Beyond the obvious racism and racist attitudes, there were a few things revealed in the book that I found disturbing. One is that, in the afterword, Griffin notes that once the Civil Rights Act was passed, a number of white Civil Rights advocates felt that the work was finished. Blacks were guaranteed the right to vote, segregation was over, and things were looking up, What else was needed? Further demands by blacks for advancement and opportunity were met with incredulity and anger.

Right now there is a lawsuit headed to the U.S. Supreme Court, calling for a repeal of the Voting Rights Act of 1965, which ensured that states that had practiced segregation and jim crow justice would need to receive approval from the U.S. Department of Justice before they made any change to their voting laws. The argument is that, with a black president now elected to a second term, surely we have put this sordid chapter of our past behind us.

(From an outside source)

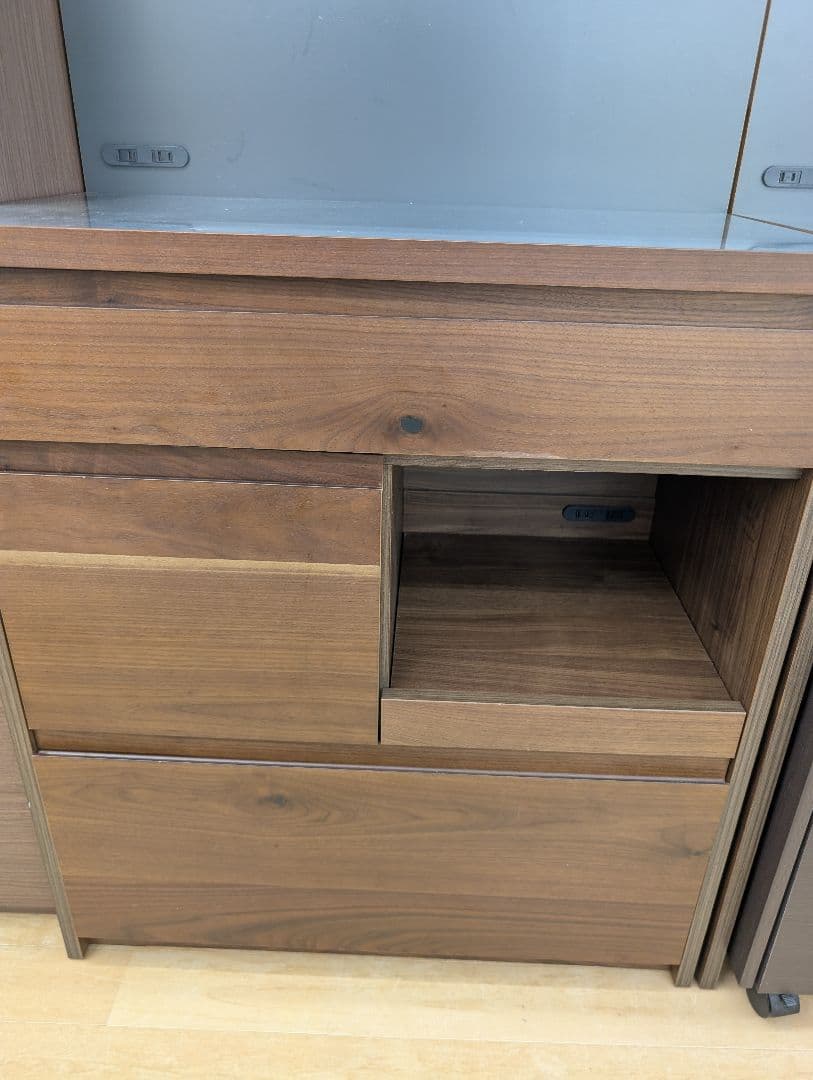 unico ウニコ DIX(ディクス) キッチンボード W800 食器棚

At the same time, a number of state legislatures have tried to pass voter ID laws in a sometimes brazen attempt to give Mitt Romney the upperhand in the election; and other states have gerrymandered their voting districts so that a Democratic-leaning state consistently elects Republican representatives. (Stop and think about the racial implications of this.)

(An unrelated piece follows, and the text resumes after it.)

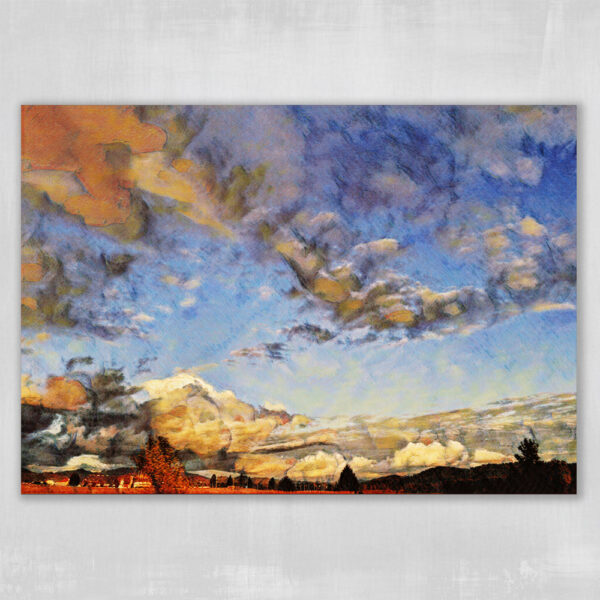 Plik krajobraz z chmurami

Have we really come as far as we think we have? The white majority thought we were fine in the 1950s, thought we were fine in the 1960s and thinks we're fine now. I'd suggest that the white majority doesn't really know what it's like for the black minority, and should find out from the people who do know.

Secondly, Griffin had some illuminating thoughts on black achievement and the attitudes Southern whites had on that subject. As he traveled the South, Griffin noted the substandard living conditions many black families had, and noted that many whites attributed this to the overall shiftlesness of black culture, and the lack of desire on the part of blacks to get ahead and achieve for themselves.

At the same time, blacks routinely were being denied economic opportunities, funding for their schools was low, and their overall access to culture in the form of theater, concerts, and even libraries was minimal. And why should the wealth be taken from hard-working whites, and given to people who haven't worked for it?

It's not much of a stretch to see some disturbing parallels between those attitudes from the late 1950s and views recently expressed in the contemporary political dialogue about the 46 percent, and about people who benefit from safety net programs like Medicare, Social Security, and unemployment.

In the past 25 years, we've seen the wealth of our nation aggregate into the hands of an increasingly small group of people. Right now public schools and teachers are under tremendous fire, and the Republican Party has made a lot of noise about freeloaders trying to live off the hard work of others.

Have we really come as far as we think we have?

Right now we're at a crossroads in American education, where our standards are being adjusted to stress nonfiction reading, to "improve work-readiness" and to make us "more competitive in the global job market" and a lot of other things like that. There are a lot of books that are being cut from the national standards that shouldn't be, like "To Kill a Mockingbird." This is another book that should be part of our national curriculum, because it should be a part of our national conversation.

We have made some progress since the 1950s in terms of race, but we still have more to go. As we make that progress, "Black Like Me" should be a part of our discussion.